The thought brought a welcome surge of his old confidence and, setting his hand on his hip, he tilted his head boyishly and turned on his full-beam smile, staring at the tortoise’s receding bottom.
‘Light of the Greek isles,’ he cooed, his voice low and smoochy again. ‘How I’ve dreamed of this moment.’
‘Why thank you, darling,’ replied a woman’s voice behind him.
Jason froze, open-mouthed.
For a second his blood seemed to drop in temperature until it clinked through his veins like an ice-slushy. The voice was instantly familiar, and even though he hadn’t heard it – save in nightmares – since he’d been in the Underworld, he felt the hairs on the back of his neck prickle.

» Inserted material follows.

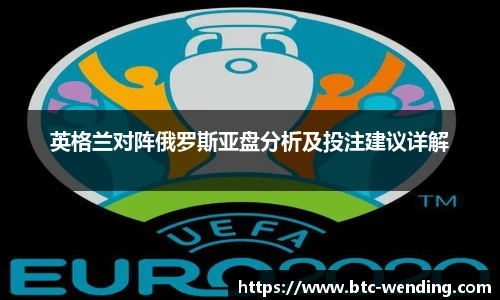 英格兰对阵俄罗斯亚盘分析及投注建议详解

Forcing his mouth into an unwilling smile, he turned round.
‘Medea!’ he gushed.
The sorceress looked radiant, her hair gleaming in ringlets, her face tinged pink from walking, as pretty as a Venus flytrap in the sunshine. In fact, considering his own stained and torn T-shirt and jeans and the way he smelled like a Spartan’s sandal after a hundred-mile march, she looked amazing. Rather, he thought, now complimenting himself on his own hunky charms, as if she’d been powdering and primping all morning especially for him.